This may seem like an odd change, but it simplifies the logic a lot. I kept having problems with passes not operating on externals (e.g. functions-to-procs, adding array sizes, constant folding in array dimensions) and adding a special case every time to also process the externals was getting silly.
Putting the externals in the AST therefore made sense, but I didn't want to just add dummy bodies as this would cause them to throw up errors (e.g. in the type-checking for functions). So I turned the bodies into a Maybe type, and that has worked out well.
I also stopped storing the formals in csExternals (since they are now in csNames, and the tree), which streamlined that nicely, and stopped me having to keep them up to date.
There was a bug where things scoped in via pragmas were never scoped out again, which was screwing up the local names stack. I then realised/decided that pragmas were really specifications, and decided to put them there in the parser.
The rest of this patch is just some rewiring to allow the special name munging involved in pragmas (they have already got a munged version of their name) and to stop the scoped in pragmas appearing in the AST.
The second part of the patch is essential, given the first. Otherwise names in different pragmas in the same file can overlap -- this already happened in oak!
One change, based on Adam's suggestion, was to rename the pragma to TOCKEXTERNAL.
Another, also based on Adam's suggestion, was to generate both the munged name and the original name, which allows (along with a previous patch) different files to declare the same PROC, and will remove the need for the occam_ prefix in the backend.
I also stopped using specific states in the lexer, in favour of just using the normal lexing function (which has had its type generalised slightly).
This will allow (along with a few patches in a minute) different occam files to declare the same PROC, and have it resolved correctly based on the order of their declaration, just like if it was all in one file.
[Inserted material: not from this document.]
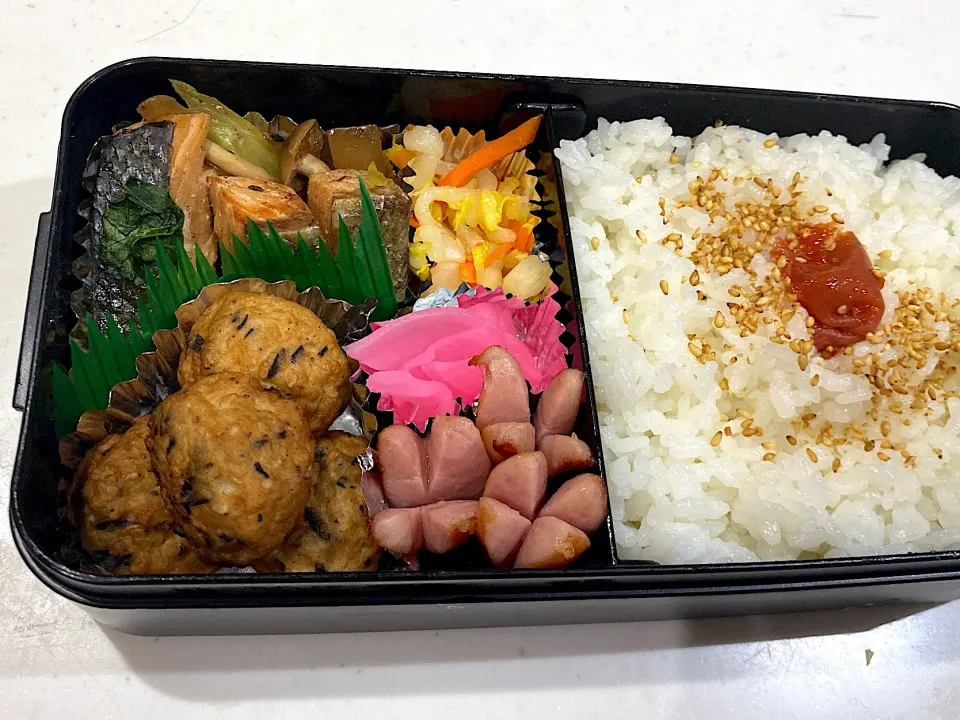 鮭と野菜の炒め物とひじき団子弁当|はるさん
The solution is a bit hacky, but this was an important problem. If your PRAGMA failed to parse, that was worthy of a warning. But if that then caused the parse to fail, all you would get is the parser error (could not find name), and you would never see the warnings about the pragmas not being recognised. So now the pragmas are shoved into the error (using a basic encoding) and pulled out and issued if the parser dies.
The separately compiled occam PROCs now use #PRAGMA OCCAMEXTERNAL, which also discards the "= number" thing at the end. These PROCs then need to be processed differently when adding on the sizes (C externals have one size per dimension, occam externals have the normal array of sizes).
We also now record which processes were originally at the top-level, and keep their original names (i.e. minus the _u43 suffixes) plus an "occam_" prefix to avoid collisions.
With my previous change to PRAGMAs, unknown pragmas would fatally fail in the lexer, so that an unknown pragma would always stop compilation, which is not good. I've changed it more towards Adam's suggestion of re-lexing and re-parsing the pragma from the parser, so we now gracefully ignore unknown pragmas again. The lexer is a bit messy, though.
At the moment, the information is only needed in the parser, which must define recursive names before parsing the body of the function. But in future, we should keep the information when the function becomes a proc, and then the C/C++ backends may need to use it (for example, when calculating stack space usage)
For now, I have fixed the occam parser so that it allows 1 or more direction specifiers after channel names. So c?? is valid, and should end up being equivalent to c?, but this may need altering later.
This lets you write things like "[cs! FOR 5]", which is horrible; I
would prefer "[cs FOR 5]!", since then that doesn't imply that you can
do things like "cs![0] ! 0".
However, Tock now compiles and passes cgtest87 -- the first occam-pi
cgtest we've handled. :)
This is mostly straightforward: modify the parser to allow direction
decorators in the right places, and extend the type checker to match.
There's some slight awkwardness in that some of the Types functions
have to perform the same checks as the type checker (e.g. directing a
non-channel), so I've tidied up their error messages a bit.
At the backend, I've just added a little pass to strip out all the
DirectedVariables, since the other backend passes don't handle them
gracefully. From the occam/C point of view this is fine, but I'm not
sure if it's going to cause problems for C++.
Previously it was a tuple, which meant it couldn't have sensible
custom instances. Token and TokenType now have Show instances, so we
get more useful output when parsing fails.